Долго сидели дед с Яковом. Ветер турсучил в ограде привязанную к большому колоколу веревку и, раскачивая языки у маленьких колоколов, разноголосо и тихо вызванивал.
В темноте, возле складов, застывших посреди площади сутулыми буграми, сначала глухие, изорванные ветром голоса, потом рыжим язычком лизнул темноту огонь, хлопнул выстрел, другой, третий… У ограды топот, прерывистое дыхание, голос придушенный:
– Дедушка, помоги!.. Нога у меня…
Дед с Яковом подхватили Петьку под руки, с разбегу окунулись в темный переулок, бежали, спотыкались о кочки, падали. Миновали два квартала, когда с колокольни сорвался набат, звонко хлестнул тишину и расплескался над спящей станицей.
Рядом с Петькой дед Александр хрипит и суетливо вскидывает ногами. Петькины щеки щекочет его разметавшаяся борода.
– Батя, в сады!.. В сады держите!..
Перескочили канаву и остановились, переводя дух.
Над станицей, над площадью – словно треснула пополам земля.
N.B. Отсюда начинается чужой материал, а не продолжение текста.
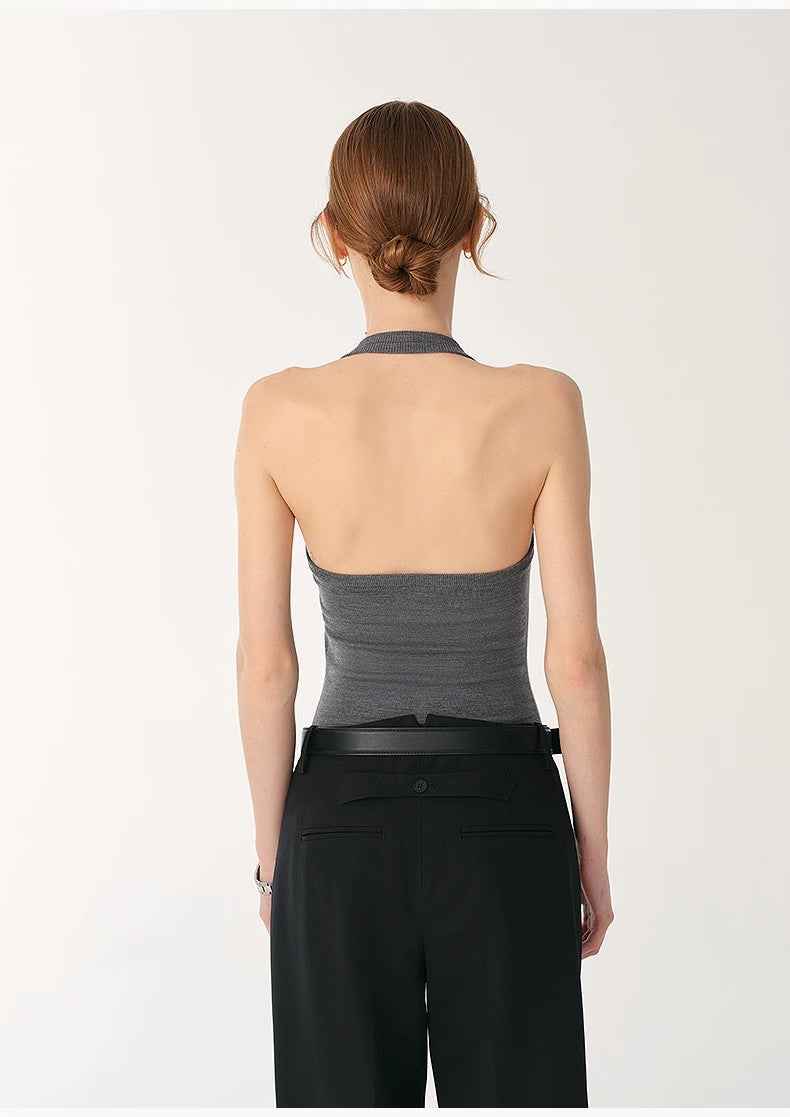 Women's slim fit halter neck wool jumpsuit with front shell buttons and snap closure — view 5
Прыгнул выше колокольни пунцовый столбище огня, густо заклубился дым… Еще и еще взрыв…
Тишина, а потом разом по всей станице взвыли собаки, снова грохнул онемевший было набат, истошный бабий крик повис над дворами, а на площади желтое волнистое полымя догола вылизывает рухнувшие стены складов и, длиннорукое, тянется к поповским постройкам.
Яков присел за нагим кустом терна, сказал потихоньку:
– Убегать теперь совсем невозможно. По станице хоть иголки собирай, ишь как полыхает!.. Да и ногу Петяшкину надо бы поглядеть…
– Надо подождать зари, пока не угомонится народ, а потом будем продвигаться до казенных лесов.
– Довольно пожилой вы человек, батя, а располагаете промеж себя, как дите! Ну, мыслимо ли это дело – ждать в станице, когда кругом нас теперя ищут? Опять ежели домой объявиться, то нас сразу сбатуют. Мы в станице первые на подозрении.
– Оно так… Ты верно, Яша, говоришь.
– Может, в нашем дворе, в катухе переднюем? – морщась от боли, спросил Петька.
– Ну, это подходящее. Там рухлядь есть какая?
– Кизяки сложены.
– Потихоньку давайте трогаться!.. Батя, и куда вы лезете передом? Шли бы себе очень спокойно позаду!
VIII
К утру в прикладке кизяков Яков с Петькой вырыли глубокую яму; чтобы теплее было, застелили ее снизу и с боков сухим бурьяном, спустились туда, а верх заложили сухой повителью, арбузными плетями, свезенными с бахчей для топки.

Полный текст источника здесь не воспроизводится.